==== Collected data

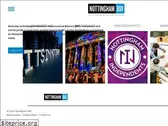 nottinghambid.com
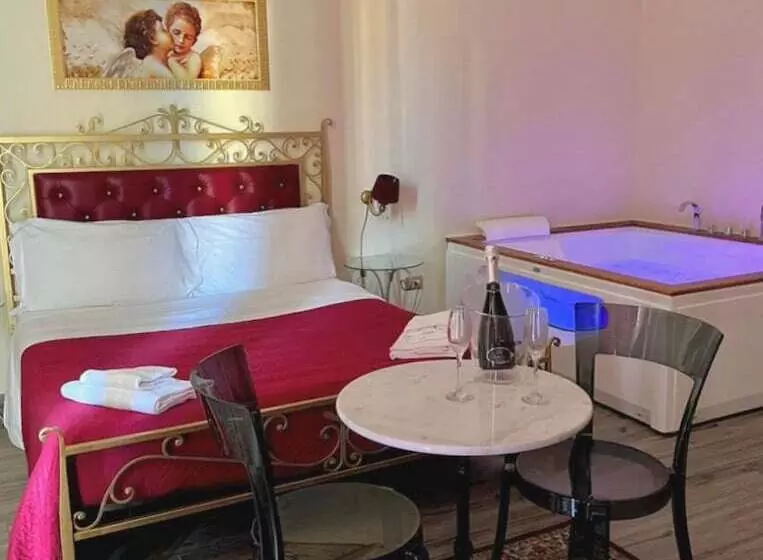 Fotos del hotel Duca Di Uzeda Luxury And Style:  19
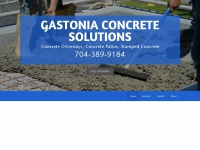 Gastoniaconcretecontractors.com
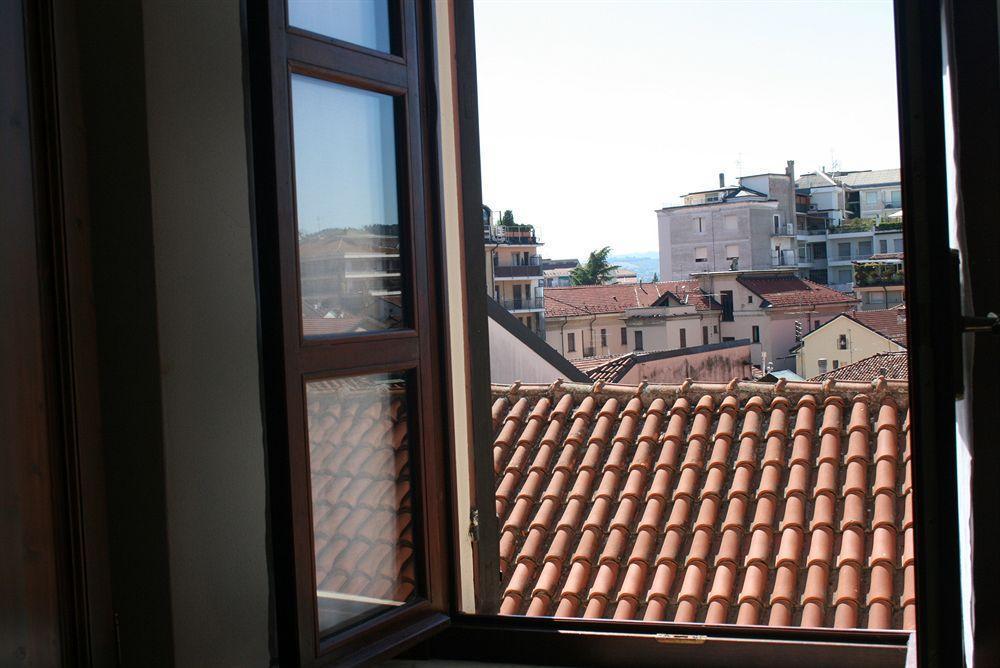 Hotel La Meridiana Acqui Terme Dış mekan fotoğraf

========

- _What to do_: Transcribe exactly the line that contains "Fotos del hotel" and each line after it through the end of the listing. Leave out the pictures.

- _Answer to this exercise_:
 Fotos del hotel Duca Di Uzeda Luxury And Style:  19
 Gastoniaconcretecontractors.com
 Hotel La Meridiana Acqui Terme Dış mekan fotoğraf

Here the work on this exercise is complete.